Gerónimo Spina

Personal information
- Date of birth: 9 February 2005 (age 21)
- Place of birth: La Plata, Argentina
- Height: 1.87 m (6 ft 2 in)
- Position: Centre-back

Team information
- Current team: Ajax

Youth career
- 2017–2023: Estudiantes de la Plata
- 2023–2024: Atlético Madrid

Senior career*
- Years: Team / Apps / (Gls)
- 2024–2026: Atlético Madrid B / 28 / (0)
- 2026–: Ajax / 0 / (0)

= Gerónimo Spina =

Argentine association football player (born 2005)

Gerónimo Spina (born 9 February 2005) is an Argentine footballer who plays as a centre-back for Dutch club Ajax.

==Early life==
Spina joined Estudiantes de la Plata in 2017.

==Career==
Spina had become captain of his age-group team by 18 years-old and had begun training with the reserves at Estudiantes de la Plata, when the club in July 2023 announced he was leaving them in order to join Spanish side Atletico Madrid. The club vice-president Juan Sebastian Veron reportedly tried to intervene and persuade his family that Spina should stay, but to no avail.
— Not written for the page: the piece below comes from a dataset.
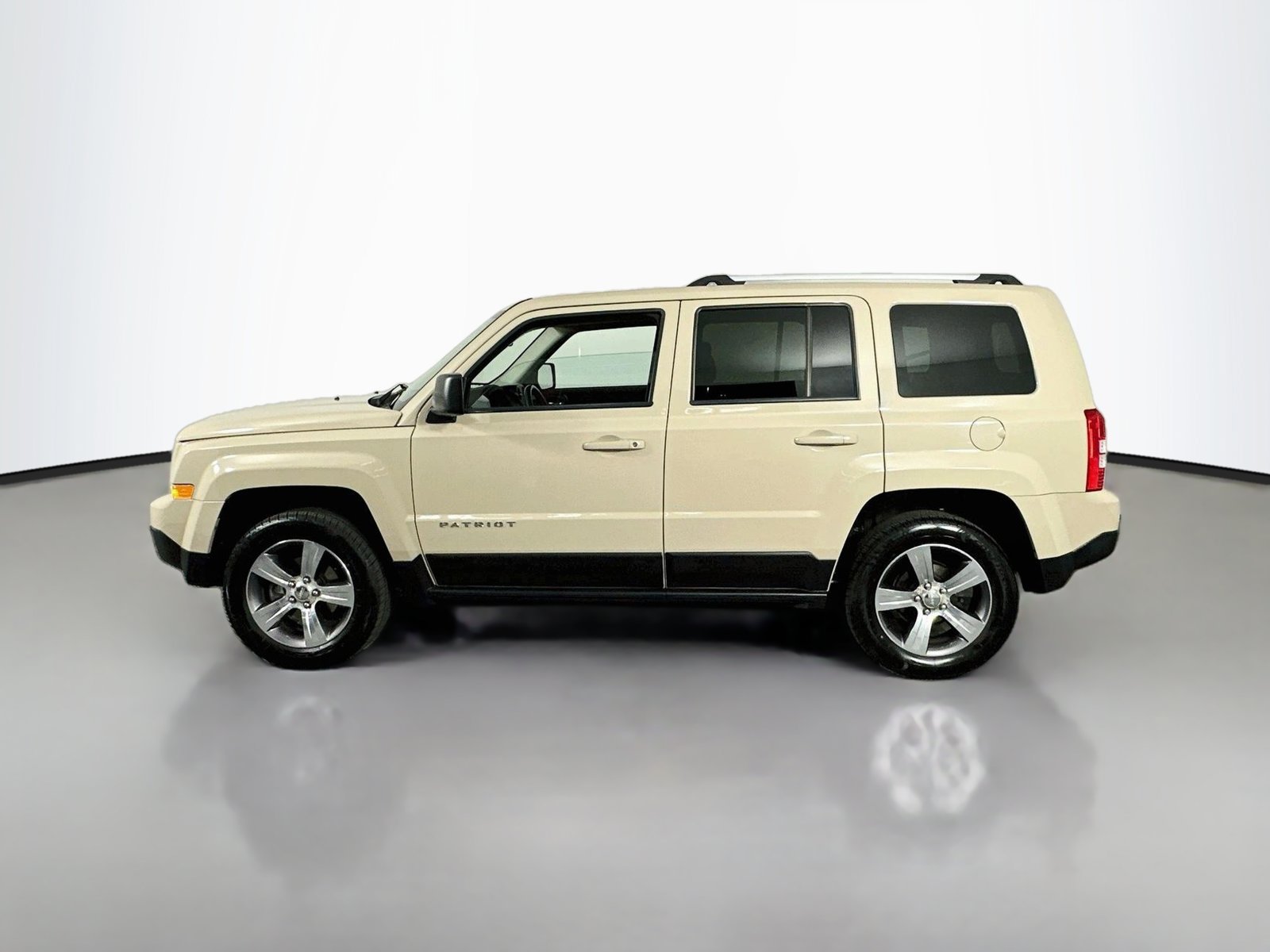 Used 2017 Jeep Patriot High Altitude AWD/4WD image 4
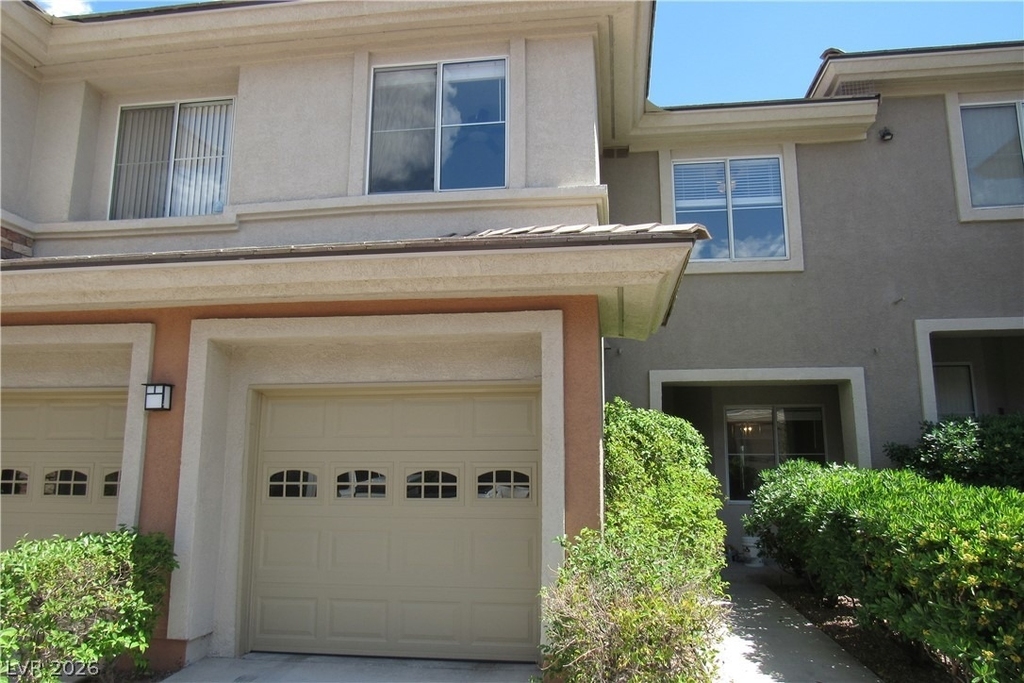712 Peachy Canyon Circle - Photo 0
As a youth player with no professional contract, Atletico reportedly had to pay €100,000 compensation for Spina's services.

In September 2026, Spina joined Dutch club AFC Ajax on a two-year contract to link-up initially with the Jong Ajax squad.

==Style of play==
Spina has been described as a left-sided central defender.